There is a positive relationship between these two variables, but it’s pretty weak. Here’s how to interpret a correlation coefficient.

center

Instead of just trying to random variables, let’s do a whole bunch at one time using the corrplot package. I’m going to do two things. First, I am going to make a small dataset out of the simon data by using the “select” command from the dplyr package. Then I am going to use that smaller dataset to look for correlations.

corr_simon <- select(simon, type, app_gov_rau, app_ussen_kirk, app_ussen_dur, cuts_K12, cuts_he, cuts_cops, cuts_parks, cuts_poor, pen_cuts, relig_att_often, gender, education, ideo_leans, union, age_cat, rac_eth, hhinc)

M <- cor(corr_simon)
corrplot(M, method = "circle")

center

Here’s what you are seeing here. I did some correlations between a lot of variables in the dataset to see if there was anything that was decently correlated. The larger and darker the circle. The more correlation exists. As you can see, there isn’t much. One negative correlation is between age_cat and type. Type is either cell phone or land line, age_cat is age category. You know what that tells us? Older people are more likely to use land lines! Shocking. You do see a nice little square of blue in the middle of the matrix. It’s all related to the “cutting services” questions. If someone is willing to cut one service, they are more likely to cut another service. There’s also a small relationship between household income and education. Let’s look at that in another form.

corrplot(M, method = "number")

center

So, instead of just circles, this gives us numbers. You can see them a lot of them are in the .2 range. How do you determine what’s a strong correlation? There is a general rule of thumb.

So, you can see that most of the stuff in this example has a weak relationship at best.

Let me drill down on one simple example. What’s the relationship between age and income?

simon$age <- 2016 - simon$birth_yr
cor(simon$age, simon$hhinc)
## [1] 0.1098817

So, using our interpretation table from earlier. That’s a mild positive relationship.

Let’s visualize that.

ggplot(simon, aes(x=age, y=hhinc)) + geom_point(shape =1, position=position_jitter(width=1,height=1)) + geom_smooth(method=lm)

center

The blue line you see is the correlation between the two variables. See all those vertical dots on the far right? Those are people who refused to tell their age. You see how the line does get a little bit higher as it goes further to the right? That’s the postive correlation. Let me show you something that’s very important, though. Let’s clean this data up.

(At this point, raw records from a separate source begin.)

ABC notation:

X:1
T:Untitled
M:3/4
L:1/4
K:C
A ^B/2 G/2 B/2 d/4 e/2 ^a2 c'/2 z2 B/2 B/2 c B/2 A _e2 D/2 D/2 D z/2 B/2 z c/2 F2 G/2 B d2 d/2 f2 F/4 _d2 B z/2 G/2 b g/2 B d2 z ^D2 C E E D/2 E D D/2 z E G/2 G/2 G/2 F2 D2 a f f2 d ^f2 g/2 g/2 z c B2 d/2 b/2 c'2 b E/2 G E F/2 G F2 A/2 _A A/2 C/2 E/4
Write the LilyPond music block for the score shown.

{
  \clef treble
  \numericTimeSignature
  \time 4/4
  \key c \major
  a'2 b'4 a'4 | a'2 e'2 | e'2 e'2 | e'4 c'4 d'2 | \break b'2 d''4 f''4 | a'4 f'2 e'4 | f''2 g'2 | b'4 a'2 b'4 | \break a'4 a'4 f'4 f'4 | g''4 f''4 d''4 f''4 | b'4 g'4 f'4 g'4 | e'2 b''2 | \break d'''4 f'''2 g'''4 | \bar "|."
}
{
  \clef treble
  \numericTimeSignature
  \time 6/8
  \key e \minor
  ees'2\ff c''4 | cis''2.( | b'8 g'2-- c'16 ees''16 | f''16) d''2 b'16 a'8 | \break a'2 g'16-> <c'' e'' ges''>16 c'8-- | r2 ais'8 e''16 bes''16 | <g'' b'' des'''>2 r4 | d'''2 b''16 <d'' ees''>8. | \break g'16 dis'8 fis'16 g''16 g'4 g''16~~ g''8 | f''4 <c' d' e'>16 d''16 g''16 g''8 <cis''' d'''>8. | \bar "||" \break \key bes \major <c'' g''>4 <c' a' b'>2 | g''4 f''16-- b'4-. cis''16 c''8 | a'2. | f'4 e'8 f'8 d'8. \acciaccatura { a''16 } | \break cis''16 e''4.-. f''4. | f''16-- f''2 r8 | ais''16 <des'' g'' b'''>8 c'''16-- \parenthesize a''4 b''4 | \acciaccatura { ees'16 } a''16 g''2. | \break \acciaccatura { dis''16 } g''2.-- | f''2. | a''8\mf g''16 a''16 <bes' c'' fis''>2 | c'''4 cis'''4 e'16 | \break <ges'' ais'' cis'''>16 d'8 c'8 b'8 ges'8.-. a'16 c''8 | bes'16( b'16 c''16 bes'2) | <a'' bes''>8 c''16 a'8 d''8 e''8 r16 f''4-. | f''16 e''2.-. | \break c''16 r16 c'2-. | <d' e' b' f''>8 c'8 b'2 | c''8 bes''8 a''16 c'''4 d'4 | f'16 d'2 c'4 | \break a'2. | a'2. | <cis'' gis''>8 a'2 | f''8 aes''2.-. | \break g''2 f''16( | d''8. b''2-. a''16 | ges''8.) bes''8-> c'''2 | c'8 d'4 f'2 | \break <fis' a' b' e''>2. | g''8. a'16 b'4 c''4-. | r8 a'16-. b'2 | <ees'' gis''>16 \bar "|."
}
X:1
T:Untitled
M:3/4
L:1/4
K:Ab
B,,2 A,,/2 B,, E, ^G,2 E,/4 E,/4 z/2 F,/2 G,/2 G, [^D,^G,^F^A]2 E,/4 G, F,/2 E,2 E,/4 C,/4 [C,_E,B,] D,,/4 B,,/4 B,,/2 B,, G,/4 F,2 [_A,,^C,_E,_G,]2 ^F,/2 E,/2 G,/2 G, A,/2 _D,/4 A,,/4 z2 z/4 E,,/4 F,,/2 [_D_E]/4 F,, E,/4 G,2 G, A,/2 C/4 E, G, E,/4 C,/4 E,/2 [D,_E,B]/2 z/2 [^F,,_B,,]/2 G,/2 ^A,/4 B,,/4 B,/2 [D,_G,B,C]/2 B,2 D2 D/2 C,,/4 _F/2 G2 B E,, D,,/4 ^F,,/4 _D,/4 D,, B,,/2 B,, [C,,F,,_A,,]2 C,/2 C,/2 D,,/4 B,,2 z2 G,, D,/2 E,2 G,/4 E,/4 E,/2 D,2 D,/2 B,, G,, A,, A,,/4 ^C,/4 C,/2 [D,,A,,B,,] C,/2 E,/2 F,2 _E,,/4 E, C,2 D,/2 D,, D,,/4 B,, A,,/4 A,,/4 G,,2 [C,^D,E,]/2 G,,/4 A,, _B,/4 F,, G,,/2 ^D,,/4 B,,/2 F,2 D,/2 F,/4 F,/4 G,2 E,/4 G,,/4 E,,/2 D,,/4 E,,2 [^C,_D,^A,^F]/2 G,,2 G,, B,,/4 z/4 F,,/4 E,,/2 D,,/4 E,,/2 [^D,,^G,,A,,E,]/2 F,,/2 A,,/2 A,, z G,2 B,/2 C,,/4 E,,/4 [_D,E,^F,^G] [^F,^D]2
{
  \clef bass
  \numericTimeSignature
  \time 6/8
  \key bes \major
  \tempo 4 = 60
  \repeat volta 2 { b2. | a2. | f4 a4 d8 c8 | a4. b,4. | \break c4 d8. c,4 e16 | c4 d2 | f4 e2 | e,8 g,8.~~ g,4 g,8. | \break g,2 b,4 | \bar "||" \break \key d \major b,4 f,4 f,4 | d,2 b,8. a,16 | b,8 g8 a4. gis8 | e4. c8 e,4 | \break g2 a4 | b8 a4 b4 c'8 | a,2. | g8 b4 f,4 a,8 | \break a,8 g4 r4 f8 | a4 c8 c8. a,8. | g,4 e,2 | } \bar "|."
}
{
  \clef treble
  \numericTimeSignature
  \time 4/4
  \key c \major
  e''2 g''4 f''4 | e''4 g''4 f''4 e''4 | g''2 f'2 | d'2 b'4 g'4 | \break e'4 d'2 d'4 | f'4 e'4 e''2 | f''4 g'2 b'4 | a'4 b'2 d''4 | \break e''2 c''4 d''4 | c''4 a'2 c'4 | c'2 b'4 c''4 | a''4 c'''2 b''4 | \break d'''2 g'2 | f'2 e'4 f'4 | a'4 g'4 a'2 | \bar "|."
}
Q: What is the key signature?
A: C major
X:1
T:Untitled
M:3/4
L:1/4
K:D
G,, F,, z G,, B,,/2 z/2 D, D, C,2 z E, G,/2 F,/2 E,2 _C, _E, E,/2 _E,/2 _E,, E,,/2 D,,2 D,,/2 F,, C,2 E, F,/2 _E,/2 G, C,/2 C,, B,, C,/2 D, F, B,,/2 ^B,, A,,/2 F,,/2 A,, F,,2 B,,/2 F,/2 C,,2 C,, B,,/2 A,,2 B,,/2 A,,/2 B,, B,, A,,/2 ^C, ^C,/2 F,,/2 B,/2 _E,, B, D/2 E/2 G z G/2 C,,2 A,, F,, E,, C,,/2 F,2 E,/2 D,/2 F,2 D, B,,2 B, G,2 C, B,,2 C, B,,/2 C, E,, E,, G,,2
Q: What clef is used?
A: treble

simon$age[simon$age ==116] <- NA
simon$hhinc[simon$hhinc == 9] <- NA
cor(simon$age, simon$hhinc, use="pairwise.complete.obs")
## [1] -0.1030068
ggplot(simon, aes(x=age, y=hhinc)) + geom_point(shape =1, position=position_jitter(width=1,height=1)) + geom_smooth(method=lm)

center

All I did was clean the data. People who refused to answer questions got marked as NA. Then I just did a simple correlation and the plotted. Do you see the difference now? There is actually a slightly negative relationship between the two variables. CLEANING DATA IS IMPORTANT!!!

LOESS Smoothing

One last thing. In the previous graphs I forced the line to be straight, because a correlation doesn’t vary across the sample. What would happen if we allowed the line to really follow the trend of the data?

ggplot(simon, aes(x=age, y=hhinc)) + geom_point(shape =1, position=position_jitter(width=1,height=1)) + geom_smooth()

center

When do you have the highest income? Somewhere in your late thirties and into your late forties. Then income goes back down.